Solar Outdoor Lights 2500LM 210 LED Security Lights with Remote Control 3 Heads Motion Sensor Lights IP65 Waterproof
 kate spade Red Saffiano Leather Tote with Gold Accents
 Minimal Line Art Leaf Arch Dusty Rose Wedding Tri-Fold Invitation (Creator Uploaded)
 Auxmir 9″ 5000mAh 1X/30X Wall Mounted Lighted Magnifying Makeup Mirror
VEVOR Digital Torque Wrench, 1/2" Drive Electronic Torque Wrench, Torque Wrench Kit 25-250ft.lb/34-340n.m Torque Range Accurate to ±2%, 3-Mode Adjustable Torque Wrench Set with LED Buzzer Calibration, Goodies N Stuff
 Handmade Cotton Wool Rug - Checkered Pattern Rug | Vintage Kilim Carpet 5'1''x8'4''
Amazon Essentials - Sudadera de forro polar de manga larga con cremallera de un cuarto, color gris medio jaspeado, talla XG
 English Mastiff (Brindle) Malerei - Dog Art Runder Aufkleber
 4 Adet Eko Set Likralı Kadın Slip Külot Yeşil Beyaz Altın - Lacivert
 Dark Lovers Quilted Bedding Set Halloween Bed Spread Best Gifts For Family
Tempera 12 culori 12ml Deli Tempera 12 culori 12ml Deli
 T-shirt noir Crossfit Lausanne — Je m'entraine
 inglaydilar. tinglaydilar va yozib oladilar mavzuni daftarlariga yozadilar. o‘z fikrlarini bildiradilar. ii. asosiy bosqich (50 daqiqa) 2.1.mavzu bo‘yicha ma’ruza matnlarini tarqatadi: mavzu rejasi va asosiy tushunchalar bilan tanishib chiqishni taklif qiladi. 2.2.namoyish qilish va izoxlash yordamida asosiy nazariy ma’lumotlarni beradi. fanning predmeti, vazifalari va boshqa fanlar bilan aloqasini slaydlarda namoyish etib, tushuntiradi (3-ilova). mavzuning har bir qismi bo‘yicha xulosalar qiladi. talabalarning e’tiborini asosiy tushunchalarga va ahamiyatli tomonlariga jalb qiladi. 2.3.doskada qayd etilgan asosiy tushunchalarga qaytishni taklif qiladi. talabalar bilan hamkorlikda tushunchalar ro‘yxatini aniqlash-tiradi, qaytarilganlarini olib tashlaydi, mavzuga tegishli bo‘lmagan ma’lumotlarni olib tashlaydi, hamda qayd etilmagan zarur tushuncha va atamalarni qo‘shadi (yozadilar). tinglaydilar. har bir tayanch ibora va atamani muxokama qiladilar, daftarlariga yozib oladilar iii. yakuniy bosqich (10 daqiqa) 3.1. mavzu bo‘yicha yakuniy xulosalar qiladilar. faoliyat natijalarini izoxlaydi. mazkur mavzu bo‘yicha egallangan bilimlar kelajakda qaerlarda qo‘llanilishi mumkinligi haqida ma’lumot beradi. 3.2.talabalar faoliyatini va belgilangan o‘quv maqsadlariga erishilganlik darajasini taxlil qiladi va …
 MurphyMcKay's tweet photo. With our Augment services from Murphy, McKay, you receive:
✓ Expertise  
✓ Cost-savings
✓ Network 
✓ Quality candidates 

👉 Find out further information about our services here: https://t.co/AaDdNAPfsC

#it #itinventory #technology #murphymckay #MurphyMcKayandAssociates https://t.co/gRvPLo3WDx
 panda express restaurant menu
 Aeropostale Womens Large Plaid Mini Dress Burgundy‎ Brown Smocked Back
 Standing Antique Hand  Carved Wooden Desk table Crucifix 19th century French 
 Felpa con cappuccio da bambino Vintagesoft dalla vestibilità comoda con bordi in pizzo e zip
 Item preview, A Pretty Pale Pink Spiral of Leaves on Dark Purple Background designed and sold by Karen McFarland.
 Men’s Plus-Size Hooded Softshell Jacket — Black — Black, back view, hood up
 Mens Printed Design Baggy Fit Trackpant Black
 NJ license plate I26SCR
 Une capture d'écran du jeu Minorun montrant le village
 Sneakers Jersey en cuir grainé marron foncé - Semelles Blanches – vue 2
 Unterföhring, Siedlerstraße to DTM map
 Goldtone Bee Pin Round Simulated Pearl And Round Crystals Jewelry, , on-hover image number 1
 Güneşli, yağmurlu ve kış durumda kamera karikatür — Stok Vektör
------------------------------------------------------------------------
(TRY IT)
Reproduce all of the entries word for word.

(RESULT FOR THIS TASK)
Solar Outdoor Lights 2500LM 210 LED Security Lights with Remote Control 3 Heads Motion Sensor Lights IP65 Waterproof
 kate spade Red Saffiano Leather Tote with Gold Accents
 Minimal Line Art Leaf Arch Dusty Rose Wedding Tri-Fold Invitation (Creator Uploaded)
 Auxmir 9″ 5000mAh 1X/30X Wall Mounted Lighted Magnifying Makeup Mirror
VEVOR Digital Torque Wrench, 1/2" Drive Electronic Torque Wrench, Torque Wrench Kit 25-250ft.lb/34-340n.m Torque Range Accurate to ±2%, 3-Mode Adjustable Torque Wrench Set with LED Buzzer Calibration, Goodies N Stuff
 Handmade Cotton Wool Rug - Checkered Pattern Rug | Vintage Kilim Carpet 5'1''x8'4''
Amazon Essentials - Sudadera de forro polar de manga larga con cremallera de un cuarto, color gris medio jaspeado, talla XG
 English Mastiff (Brindle) Malerei - Dog Art Runder Aufkleber
 4 Adet Eko Set Likralı Kadın Slip Külot Yeşil Beyaz Altın - Lacivert
 Dark Lovers Quilted Bedding Set Halloween Bed Spread Best Gifts For Family
Tempera 12 culori 12ml Deli Tempera 12 culori 12ml Deli
 T-shirt noir Crossfit Lausanne — Je m'entraine
 inglaydilar. tinglaydilar va yozib oladilar mavzuni daftarlariga yozadilar. o‘z fikrlarini bildiradilar. ii. asosiy bosqich (50 daqiqa) 2.1.mavzu bo‘yicha ma’ruza matnlarini tarqatadi: mavzu rejasi va asosiy tushunchalar bilan tanishib chiqishni taklif qiladi. 2.2.namoyish qilish va izoxlash yordamida asosiy nazariy ma’lumotlarni beradi. fanning predmeti, vazifalari va boshqa fanlar bilan aloqasini slaydlarda namoyish etib, tushuntiradi (3-ilova). mavzuning har bir qismi bo‘yicha xulosalar qiladi. talabalarning e’tiborini asosiy tushunchalarga va ahamiyatli tomonlariga jalb qiladi. 2.3.doskada qayd etilgan asosiy tushunchalarga qaytishni taklif qiladi. talabalar bilan hamkorlikda tushunchalar ro‘yxatini aniqlash-tiradi, qaytarilganlarini olib tashlaydi, mavzuga tegishli bo‘lmagan ma’lumotlarni olib tashlaydi, hamda qayd etilmagan zarur tushuncha va atamalarni qo‘shadi (yozadilar). tinglaydilar. har bir tayanch ibora va atamani muxokama qiladilar, daftarlariga yozib oladilar iii. yakuniy bosqich (10 daqiqa) 3.1. mavzu bo‘yicha yakuniy xulosalar qiladilar. faoliyat natijalarini izoxlaydi. mazkur mavzu bo‘yicha egallangan bilimlar kelajakda qaerlarda qo‘llanilishi mumkinligi haqida ma’lumot beradi. 3.2.talabalar faoliyatini va belgilangan o‘quv maqsadlariga erishilganlik darajasini taxlil qiladi va …
 MurphyMcKay's tweet photo. With our Augment services from Murphy, McKay, you receive:
✓ Expertise  
✓ Cost-savings
✓ Network 
✓ Quality candidates 

👉 Find out further information about our services here: https://t.co/AaDdNAPfsC

#it #itinventory #technology #murphymckay #MurphyMcKayandAssociates https://t.co/gRvPLo3WDx
 panda express restaurant menu
 Aeropostale Womens Large Plaid Mini Dress Burgundy‎ Brown Smocked Back
 Standing Antique Hand  Carved Wooden Desk table Crucifix 19th century French 
 Felpa con cappuccio da bambino Vintagesoft dalla vestibilità comoda con bordi in pizzo e zip
 Item preview, A Pretty Pale Pink Spiral of Leaves on Dark Purple Background designed and sold by Karen McFarland.
 Men’s Plus-Size Hooded Softshell Jacket — Black — Black, back view, hood up
 Mens Printed Design Baggy Fit Trackpant Black
 NJ license plate I26SCR
 Une capture d'écran du jeu Minorun montrant le village
 Sneakers Jersey en cuir grainé marron foncé - Semelles Blanches – vue 2
 Unterföhring, Siedlerstraße to DTM map
 Goldtone Bee Pin Round Simulated Pearl And Round Crystals Jewelry, , on-hover image number 1
 Güneşli, yağmurlu ve kış durumda kamera karikatür — Stok Vektör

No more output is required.